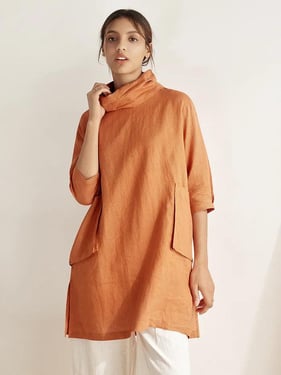 100% Linen Cowl Neck Oversized Tunic ELEANOR - Sun Orange / XXL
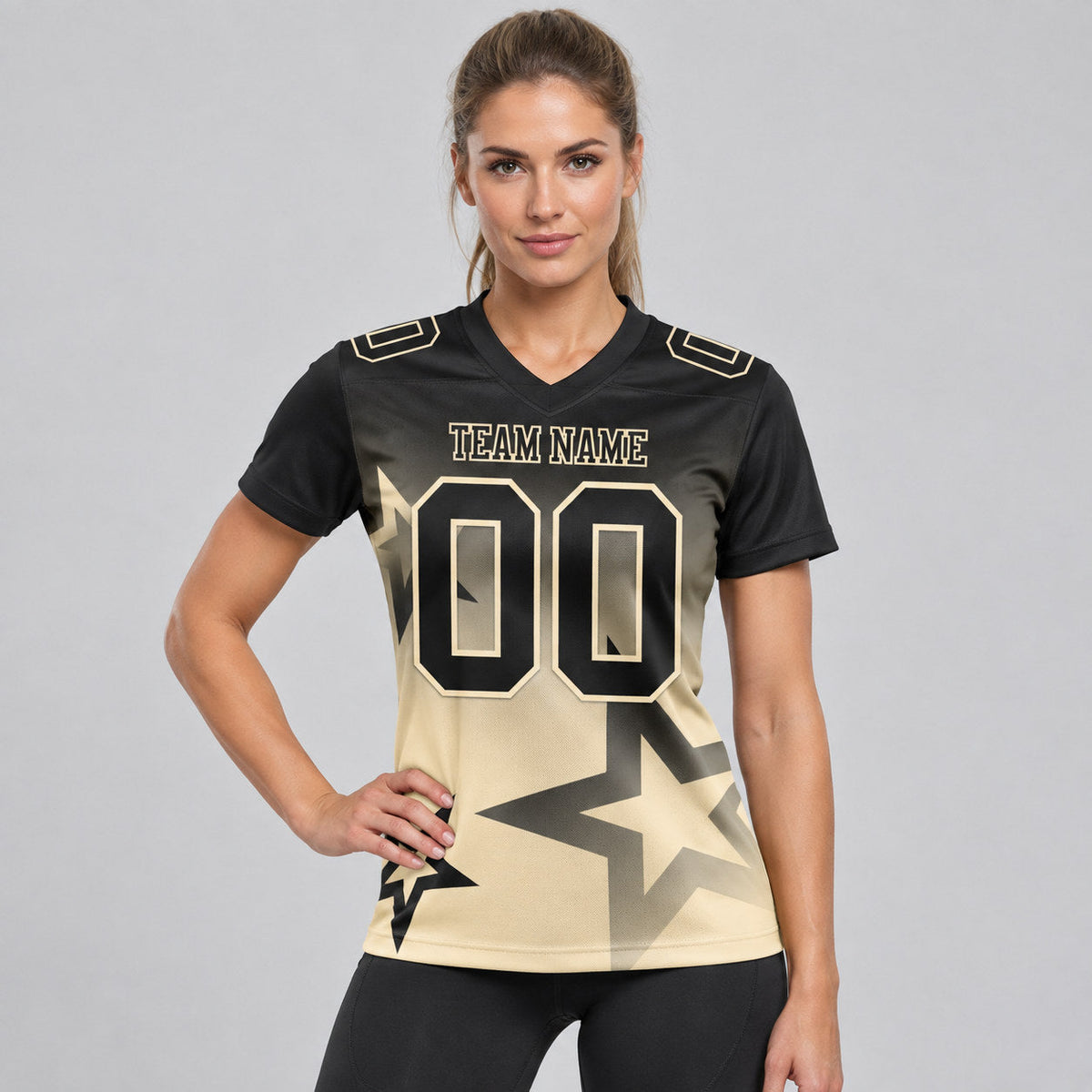 Custom Black and Cream Gradient Twinkle Star Authentic Football Jersey worn by female model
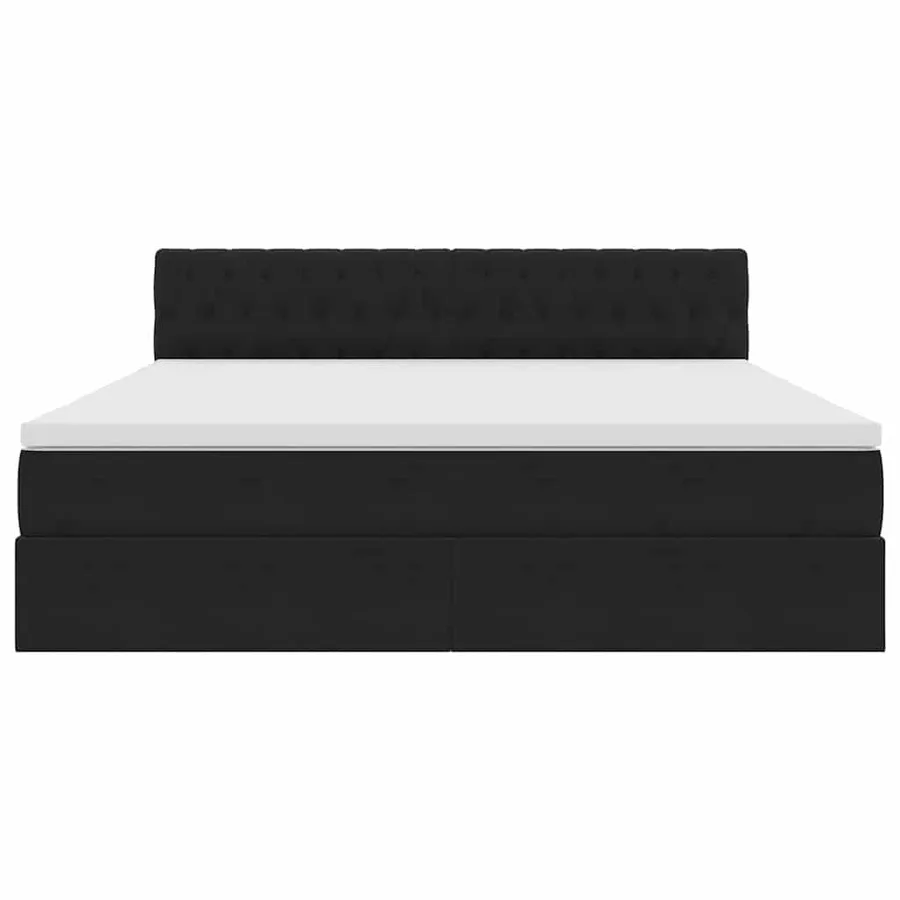 Lit de Rangement avec matelas Noir 160 x 200 cm Velours - 7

*Assigned task*:
Beginning with the line where "Custom Black and" appears, restate word for word every line down to the last one in the data, but keep the pictures out.

*Finished exercise*:
 Custom Black and Cream Gradient Twinkle Star Authentic Football Jersey worn by female model
 Lit de Rangement avec matelas Noir 160 x 200 cm Velours - 7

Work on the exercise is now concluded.